At time $t=3\text{,}$ the height of the drone is $h(3)=0$ and the velocity is $v(3)=0\text{.}$ This means that the downward velocity of the drone has slowed to 0 m per s upon impact. Dudley landed the drone safely, apparently!
The total displacement $\Delta h$ is given as

\begin{equation*} h(3)-h(0)=0-0=0\text{.} \end{equation*}

To compute the total distance traveled, we must separate the interval $[0,3]$ into the separate intervals where the drone ascends and descends. The basic principle here is that if movement is always in the same direction (up or down in our case) over a certain time interval, then displacement is equal to distance traveled.

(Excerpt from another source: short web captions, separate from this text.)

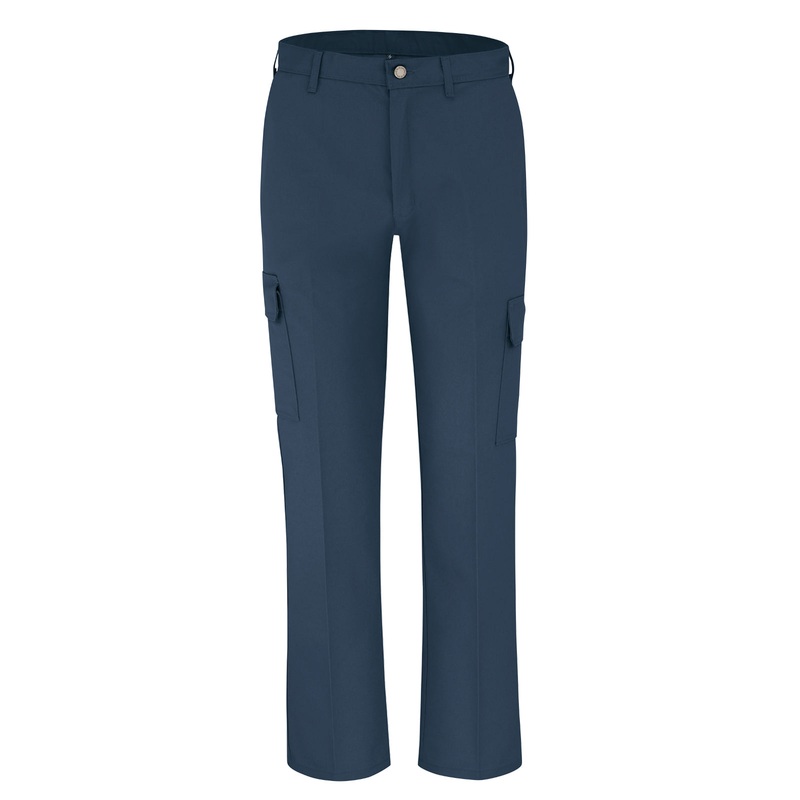 Men's Industrial Cargo Pant - LP60 - Dark Navy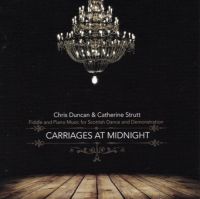 Carriages at Midnight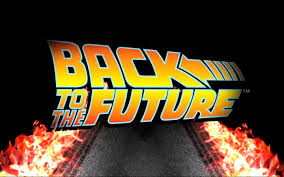 &#91;PIC++&#93;Apakah 2015 bakal kaya film Back To The Future?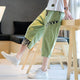 Harem Loose Trouser Harajuku Japanese Pants - Large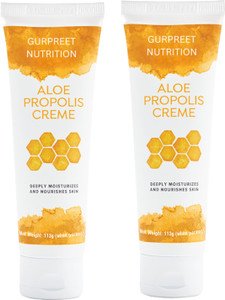 ALOE PROPOLIS CREME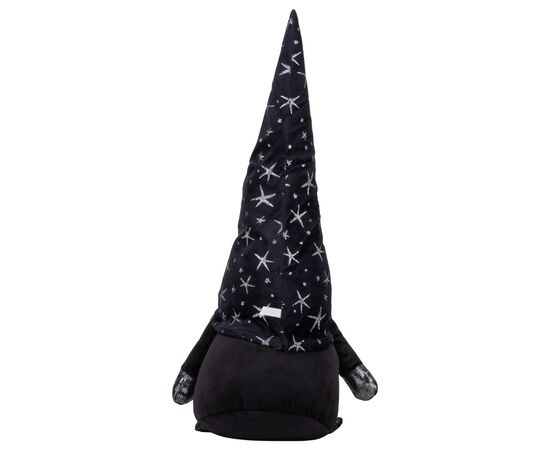 Фигурка с подсветкой "Бородач", 35 см, изображение 2 ᐒ купить на  ❤ Like7km.com.ua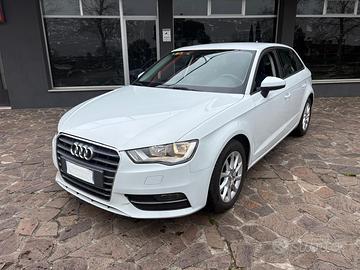 AUDI A3   NEOPATENTATI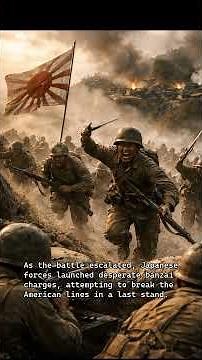 How Okinawa Became the Bloodiest Battle of the Pacific | Forgotten Battles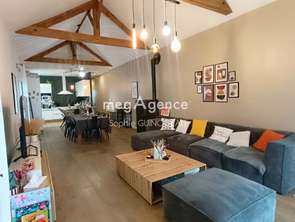 Vente Maison 4 chambresCholet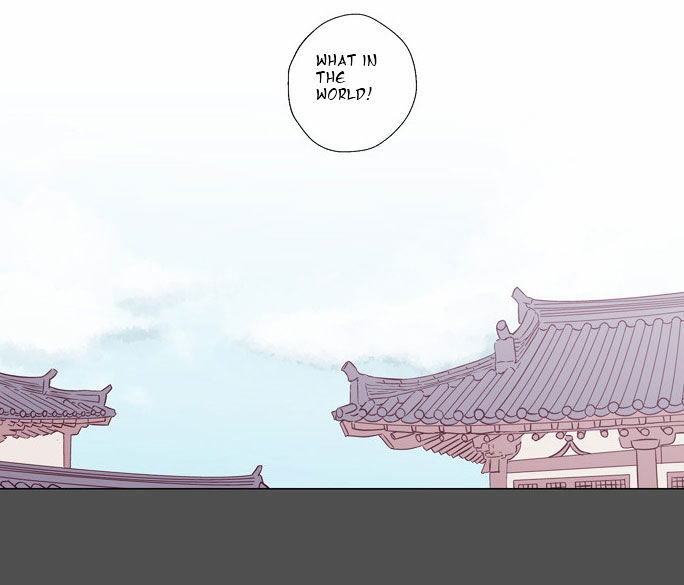 The Moon that Rises in the Day Chapter 99 page 47 - Chapter 99 : Rotten Rope (3)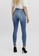 Vero Moda blue Sophia High Rise Skinny Jeans FEE2DAA90E0C7AGS_2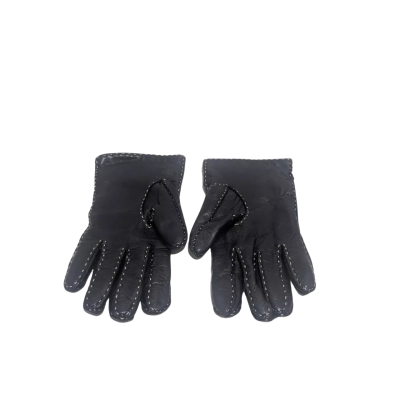 Country Road Gloves Womens  Size L Gloves Black  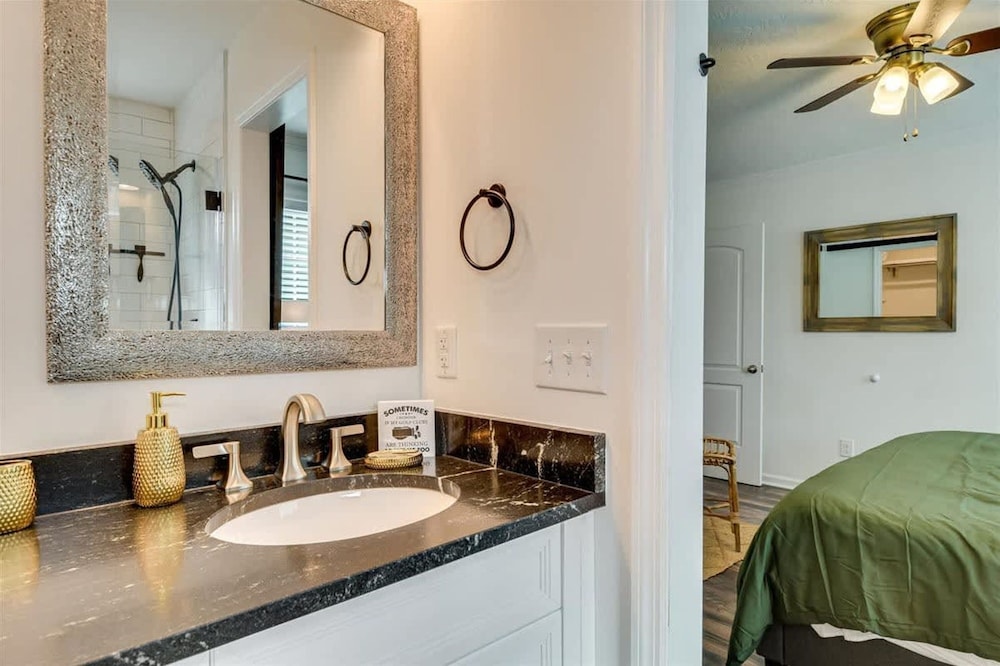 Southern Luxury Retreat Augusta Nat l Golf Vibes
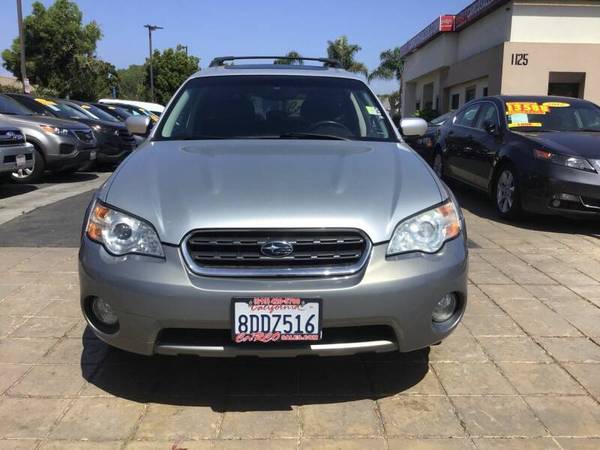 2006 Subaru Outback MUST SEE!!! LOW MILES!!!! OUTBACK LIMITED!! for sale in Chula vista, CA – photo 2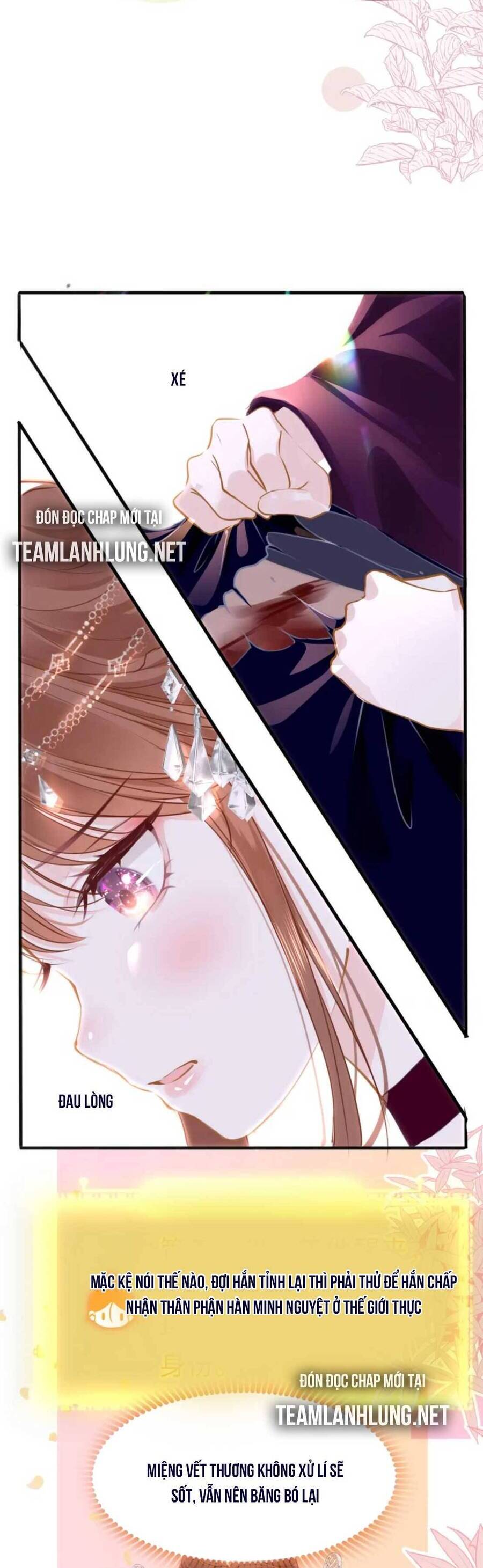 Bắt Đầu Hủy Hôn Để Công Lược Vương Gia Chapter 94 - 26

Over the time interval $[0,1]$ the drone ascends from a height $h(0)=0$ meters to a height of $h(1)=4$ meters. Since the drone is always moving the same direction here, the total distance traveled over this time interval is $4$ meters.

Over the time interval $[1,3]$ the drone descends from a height of $h(1)=4$ meters, to a height of $h(0)=0$ meters. Again, since the drone is always moving in the same direction, the distance traveled over this time interval is 4 meters.

We conclude that in sum the drone has traveled a distance of $8=4+4$ meters.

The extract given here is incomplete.